## Task item:
Repeat every record exactly as written, but leave out the pictures.

Stored data section start

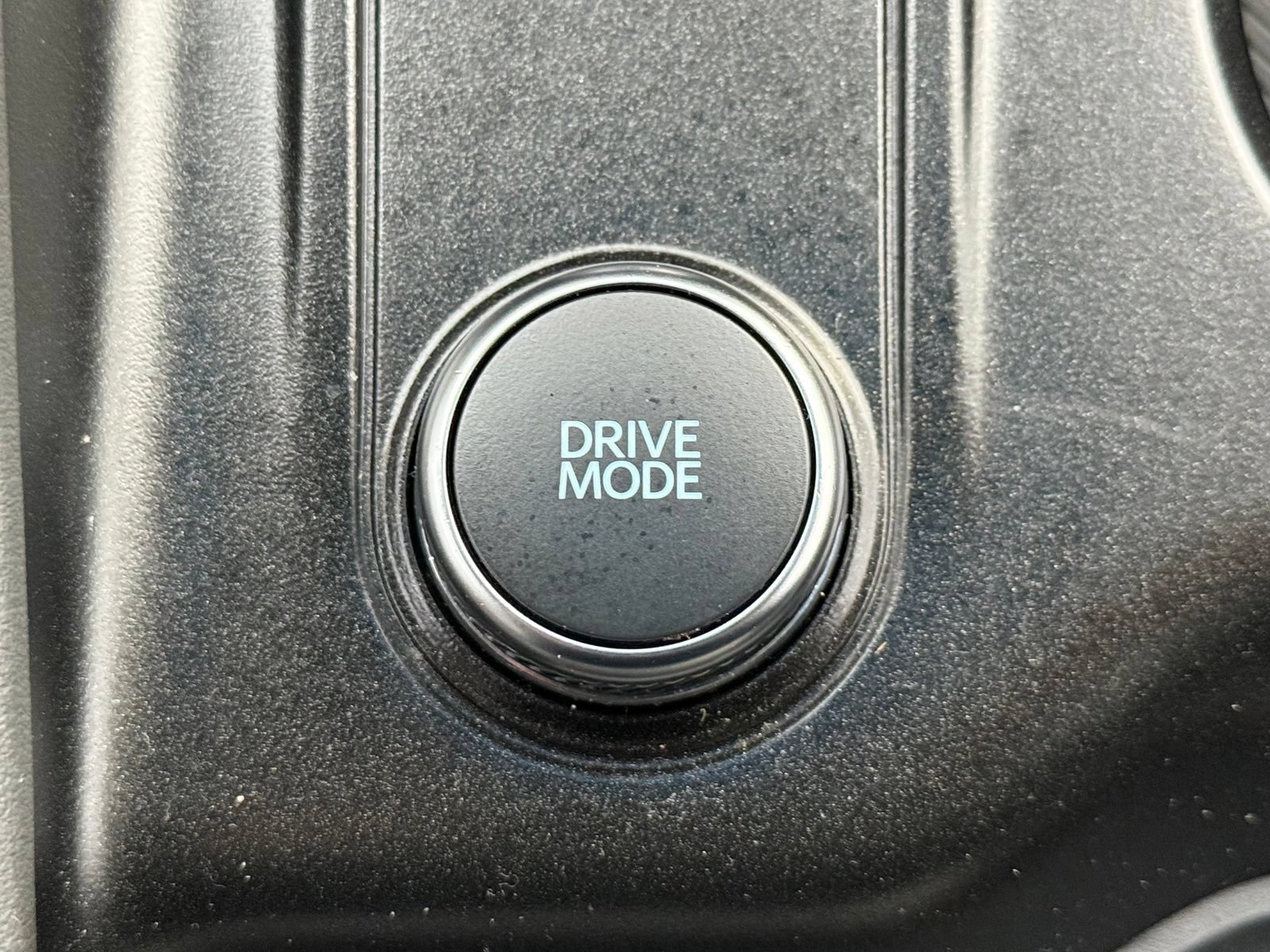 Used 2025 Ford Explorer Active AWD/4WD image 30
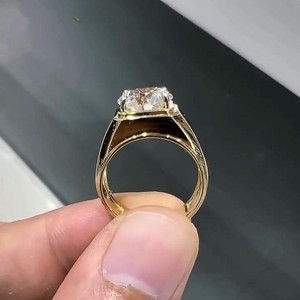 Bague de fiançailles vintage pour homme en or jaune 14 carats de qualité supérieure, diamant brillant de 3 carats F VS1 cultivé en laboratoire, certifié IGI - Product Image 4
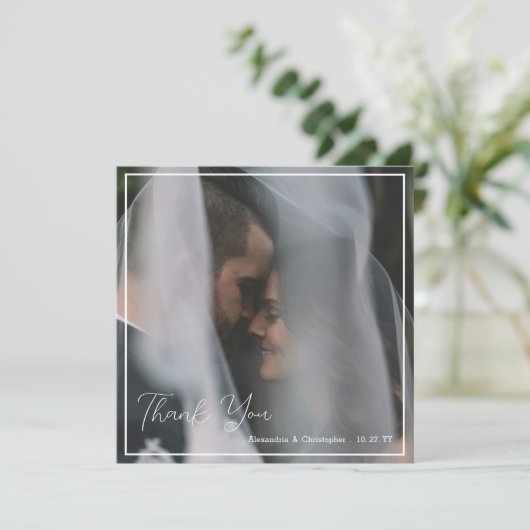 Elegantes Script Minimalistisch Wedding Dankeschön Dankeskarte (Stehend Vorderseite)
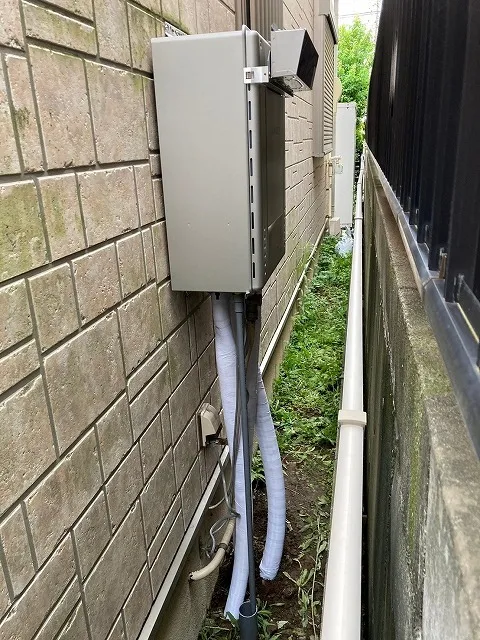 給湯器とふろ給湯器を屋外壁掛型エコジョーズで安全設置する排気カバーの選び方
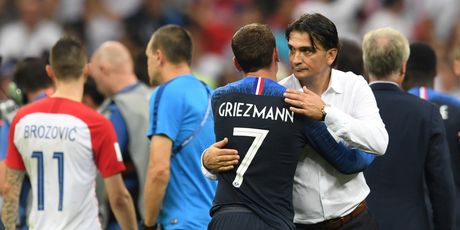 Zlatko Dalić i Antoine Griezmann (Foto: AFP)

Stored data section end

## Task answer:
 Used 2025 Ford Explorer Active AWD/4WD image 30
 Bague de fiançailles vintage pour homme en or jaune 14 carats de qualité supérieure, diamant brillant de 3 carats F VS1 cultivé en laboratoire, certifié IGI - Product Image 4
 Elegantes Script Minimalistisch Wedding Dankeschön Dankeskarte (Stehend Vorderseite)
 給湯器とふろ給湯器を屋外壁掛型エコジョーズで安全設置する排気カバーの選び方
 Zlatko Dalić i Antoine Griezmann (Foto: AFP)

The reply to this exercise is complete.